According to the Lewy Body Dementia Association, the disease’s main features include: (1) dementia with fluctuating cognition; (2) visual hallucinations; (3) spontaneous Parkinson’s symptoms; and (4) sensitivity to antipsychotic medication, which is manifested by akathisia and an increase in psychotic symptoms.4 Severe autonomic dysfunction is present in 62% of patients with LBD.1,4,5
In Mrs. P’s case, an early diagnosis of LBD would have prevented the development of akathisia and eliminated prolonged and unnecessary discomfort. Akathisia is a common side effect of antipsychotic medication and can easily be confused with agitation. The administration of quetiapine, haloperidol, risperidone and clozapine worsened Mrs. P’s condition, which should have been a red flag for LBD. All of these medications block alpha-1 adrenergic receptors that cause dizziness and orthostatic hypotension (already a problem because of Mrs. P’s autonomic dysfunction). Risperidone and haloperidol also block dopamine-2 receptors in the striatum, resulting in such side effects as extrapyramidal symptoms, compounding the akathisia. Elderly patients require careful dosing and titrating of antipsychotic medication. Mrs. P experienced abrupt medication changes that increased dangerous side effects.2,6
The patient met the criteria necessary to diagnose LBD, but they presented one symptom at a time over an extended period. Mrs. P’s diagnosis should not have stopped with Alzheimer’s, because the full expression of LBD can take one to two years.4 Continuous monitoring of symptom progression and interdisciplinary discussion could have helped piece together this difficult clinical picture.

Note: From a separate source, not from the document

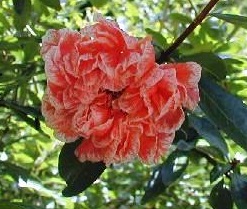 Grenadier 'legrelliae'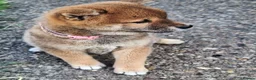 Japanese Shiba Inu dogs for sale: Japan Shiba inu  - Advert 8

Awareness of the dementia subtypes and treatment variation is crucial. More practitioners trained in geriatrics and psychogeriatrics are needed, especially considering the enormous population growth of persons over age 65 years. Advanced age increases the risk of all dementias, and care must be taken to avoid complacency when treating dementia disorders. Accurate diagnosis can improve the quality of life for seniors and their families.

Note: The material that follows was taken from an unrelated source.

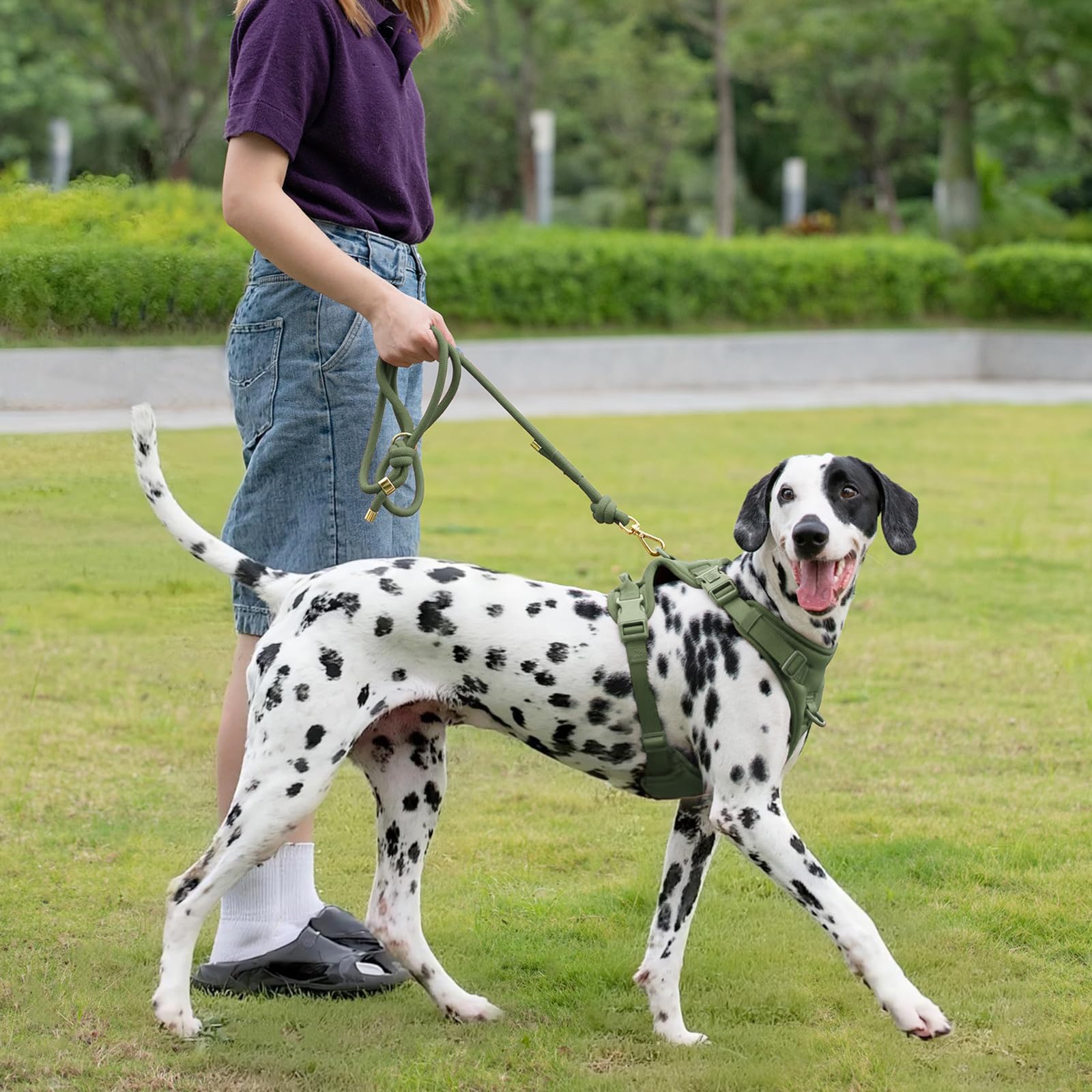 Sunraymascota correa 5 ft para perros medianos y grandes en paseos y entrenamiento.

Ms. Magyar is a supervisor in the outpatient medication clinic at The Centers in Ocala, Fla.
References
1. Neef D, Walling AD. Dementia with Lewy bodies: an emerging disease. Am Fam Physician. 2006;73:1223-1229. Available at www.aafp.org/afp/2006/0401/p1223.html.
2. Claxton KL, Chen JJ, Swope DM. Drug-induced movement disorders. J Pharm Pract. 2007;20:415-429.

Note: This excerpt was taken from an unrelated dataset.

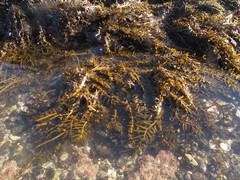 Carpophyllum maschalocarpum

3. Kalapatapu RK. Dementia: a focused review. Psychiatr Times. 2010;27:61-62.
4. Lewy Body Dementia Association, Inc. Symptoms. Available at www.lbda.org/category/3438/symptoms.htm.
5. Walter BL. Cardiovascular autonomic dysfunction in patients with movement disorders. Cleve Clin J Med. 2008;75 Suppl 2:S54-S58. Available at www.ccjm.org/content/75/Suppl_2/S54.long.
6. Stahl SM. Essential Psychopharmacology: The Prescribers Guide. Cambridge, United Kingdom: Cambridge University Press; 2005:92-412.
All electronic documents accessed November 15, 2010.